Historic Leeds Pubs
Paul Chrystal’s book ‘Central Leeds Through Time’ (Amberley Publishing, 2016, £14.99) charts Leeds’s evolution through a collection of captivating photographs. In this excerpt, the author documents the rich and varied history of some of Leeds’s most historic pubs…
The Bull and Mouth Hotel
Originally the Red Bear at No. 138 Briggate, between Duncan Street and Kirkgate, it is one of Leeds’s oldest hostelries. It was once a depot for heavy baggage wagons and became a coaching inn in 1800. Soon one of the busiest inns in Leeds, it had standing room for thirty horses in the cellar stables. The Loyal Duncan was the first coach to run from here and the True Briton left from here every morning at 10am for Manchester, arriving at 6:30pm.
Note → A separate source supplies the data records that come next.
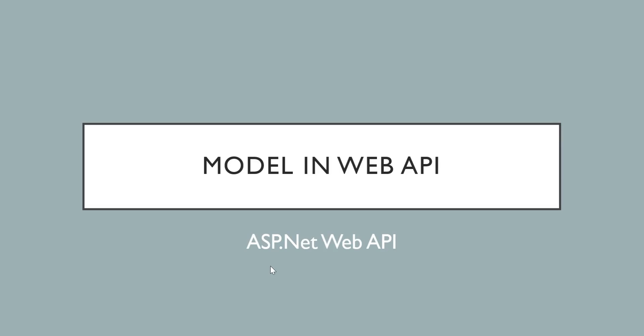Hello friends, welcome to Core Semantic and welcome to the video tutorial of ASP.NET Web API. In this video, we are going to see the concept of model in Web API. So let us understand this.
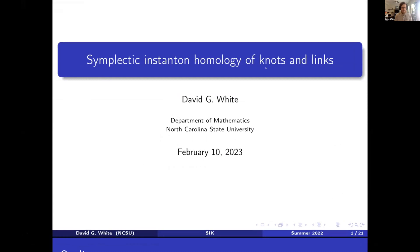Thanks a bunch for having me, everyone. Thank you for tuning in. As Augustin just said, I'm going to be talking about symplectic instanton homology of knots and links.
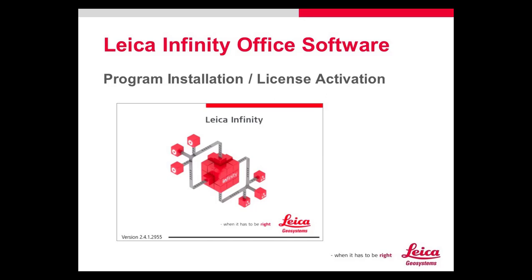In this presentation I'll show you how to install Leica Infinity and to activate your new license.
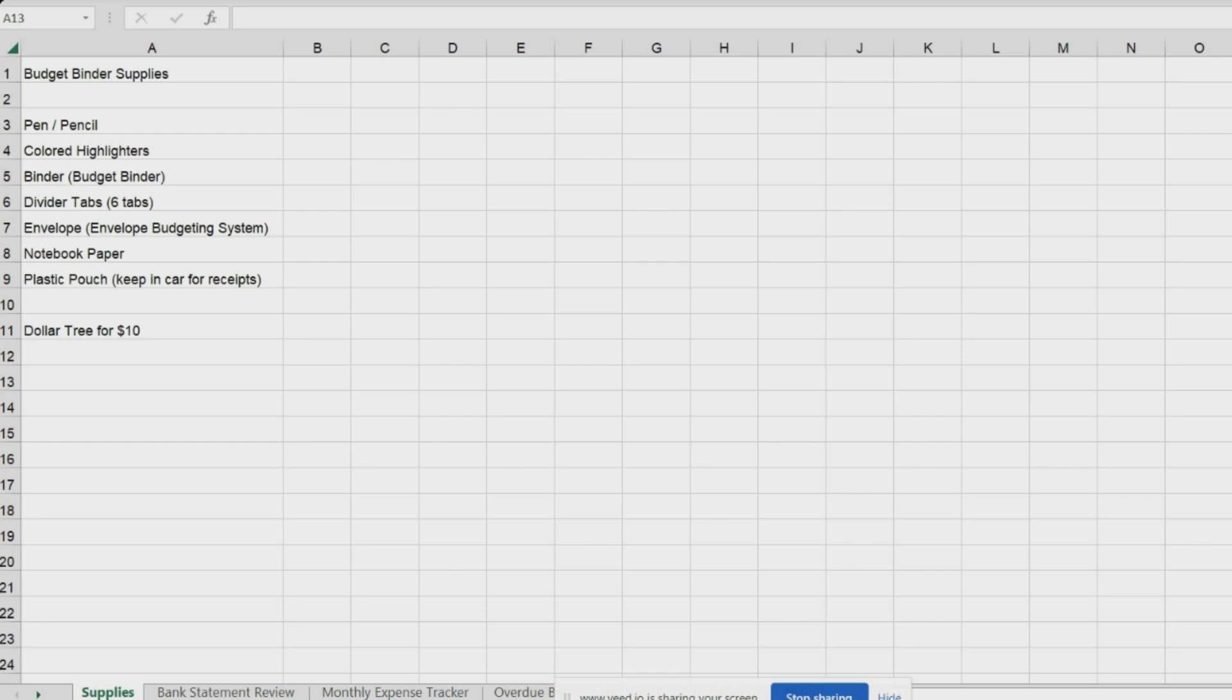Grab your pens and pencils, some colored highlighters, get a binder that you can dedicate to being a budget binder, get some divider tabs that you can put your monthly budgets behind, grab some envelopes, because I'm talking to you about the envelope budgeting system. I'll do this in a later video.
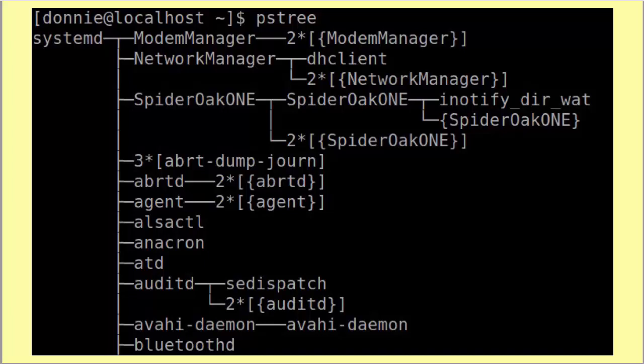Some of these processes have their own child processes. For example, the network manager has a DHCP client process, and the spider oak one process has its own child process. In fact, spider oak one even has a grandchild — the inotify dir wait process. So yes, there are a lot of different processes here.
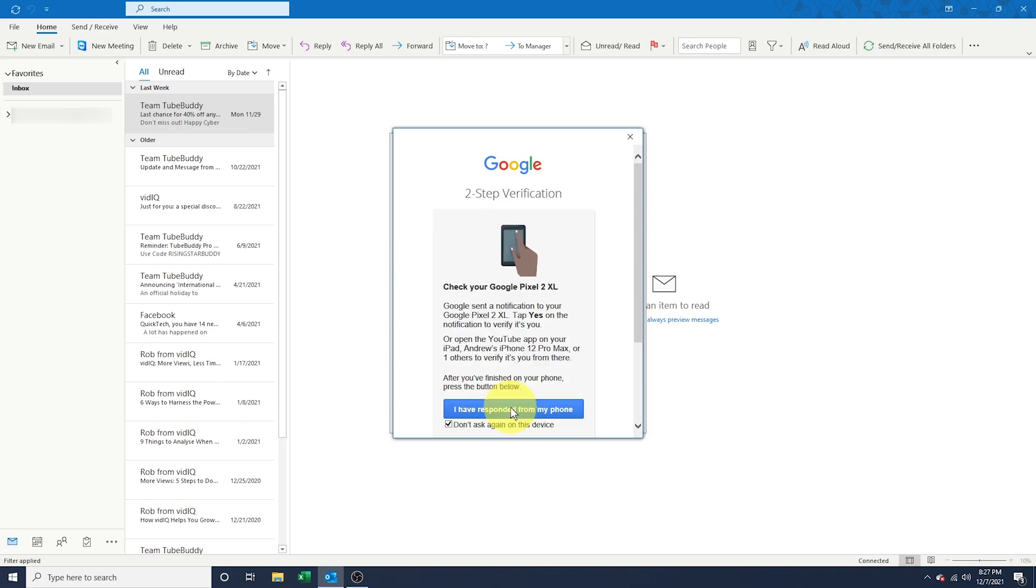If you have two-step verification enabled on your Google account, go ahead and verify that it's you trying to sign in.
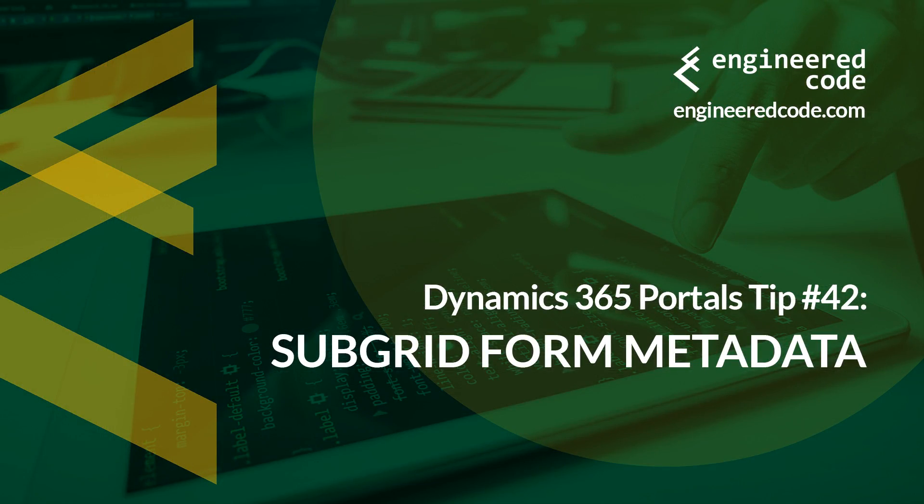Thanks for watching, and I hope you found the Dynamics 365 portals tip number 42 on subgrid form metadata useful.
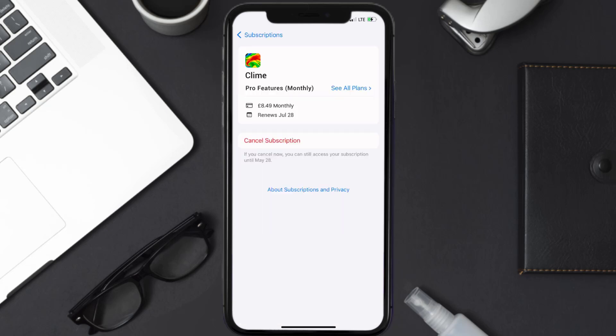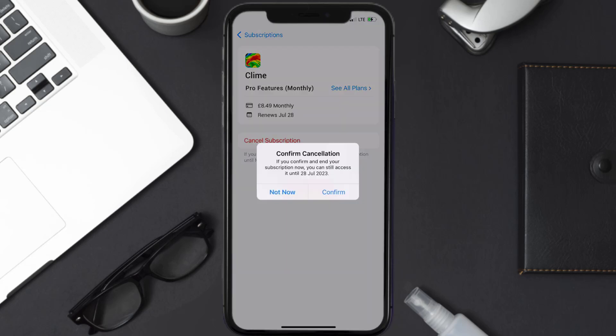And then in here you'll have the option to cancel subscription at the bottom of the screen. Simply tap on it and a pop-up will come up that reads 'Confirm Cancellation.' Then hit confirm and you'll not be charged anymore.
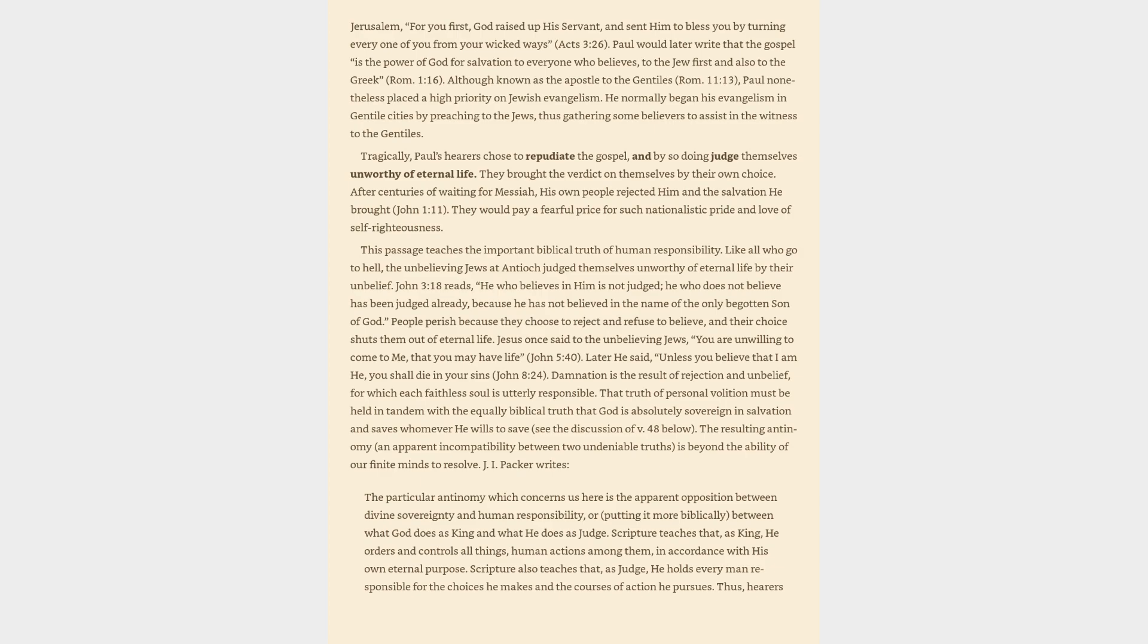That truth of personal volition must be held in tandem with the equally biblical truth that God is absolutely sovereign in salvation and saves whomever he wills to save. The resulting antinomy, an apparent incompatibility between two undeniable truths, is beyond the ability of our finite minds to resolve. J.I. Packer writes, The particular antinomy which concerns us here is the apparent opposition between divine sovereignty and human responsibility.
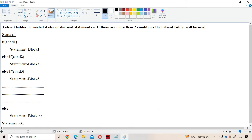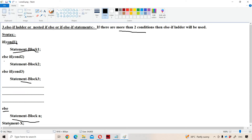Now the third one: the else-if ladder, also called nested if-else or if-else-if statement. If there are more than two conditions, we use the else-if ladder. The syntax is: 'if condition 1, statement block 1; else if condition 2, statement block 2; else if condition 3, statement block 3;' and so on for n conditions, ending with 'else statement block n; then statement X.' If condition 1 is true, block 1 executes and control exits. If condition 1 is false, condition 2 is tested, and so on. The last else block executes only if all previous conditions are false.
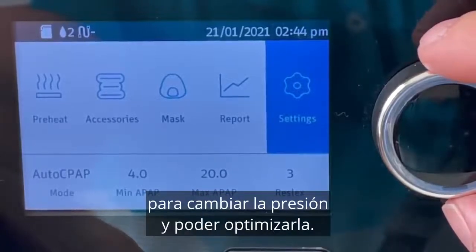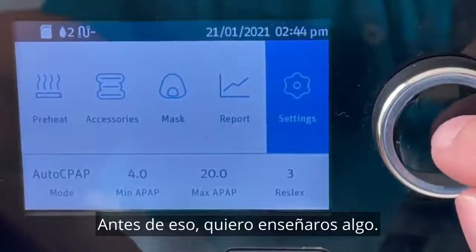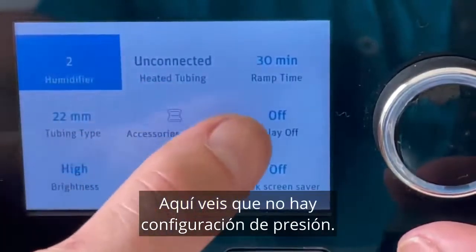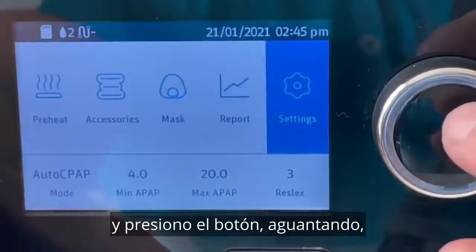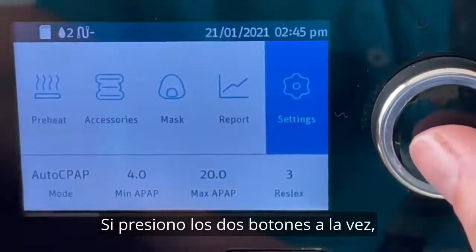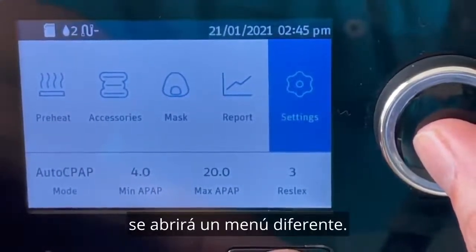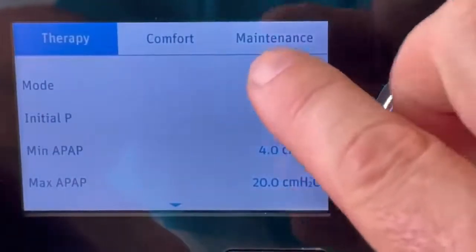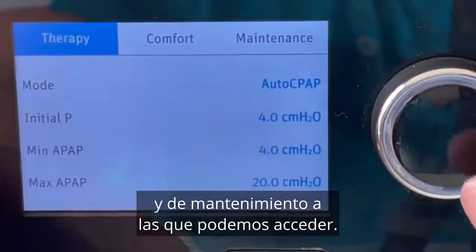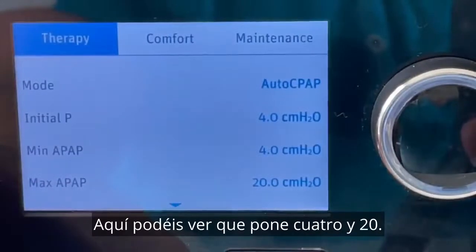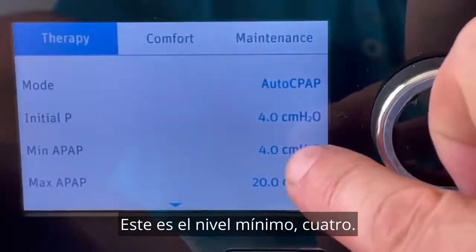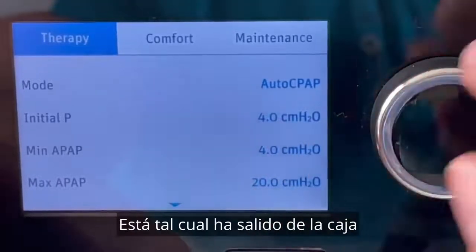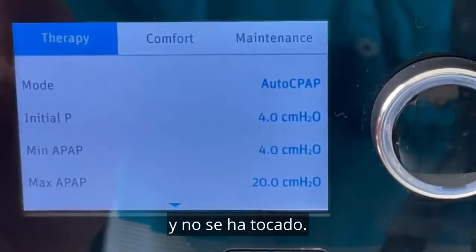Now we're going to go into the settings to change our pressure settings. If I click this click wheel and go to Settings, this is the basic menu — you can see there are no actual pressure settings here. But if I go back out and hold this button down along with the home button simultaneously, it opens up a different menu — that's the clinical menu. Now we have access to all these pressure levels, plus comfort and maintenance features.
In 1903, it was renamed the Grand Central Hotel; in 1921 the name was changed again to the Victory Hotel – it closed in 1939.
The original name, as with the coaching house in London’s Aldersgate Street, derives from ‘Boulogne Mouth’, a reference to the town and harbour of Boulogne, as besieged by Henry VIII. The modern image shows the dramatic masks of tragedy and comedy on the sign for the Scarbrough Hotel in Bishopgate Street. The masks were first seen when Henry Scarbrough took over the property in 1826 as the Kings Arms. In the late 1890s, Fred Wood established The Scarbrough Hotel pub, organising talent nights, and any act showing promise was put on at his City Varieties.
Binks’s Hotel Or the Rose & Crown Hotel, a coaching inn in Rose and Crown Yard off Briggate, looking towards Lands Lane in 1887. From 1783 the Defiance coach ran from here to Hull. It was demolished to make way for the Queens Arcade in 1889.
Lighted signs advertise for Binks’s Bars No. 1 and No. 2 and billiard rooms. Binks’s Hotel is named after the landlady, Maria Binks. Opposite is the Morley Dining Room which offers ladies rooms, good beds, tobacco and cigars. The modern photograph below shows The Ship, next to Pack Horse Yard.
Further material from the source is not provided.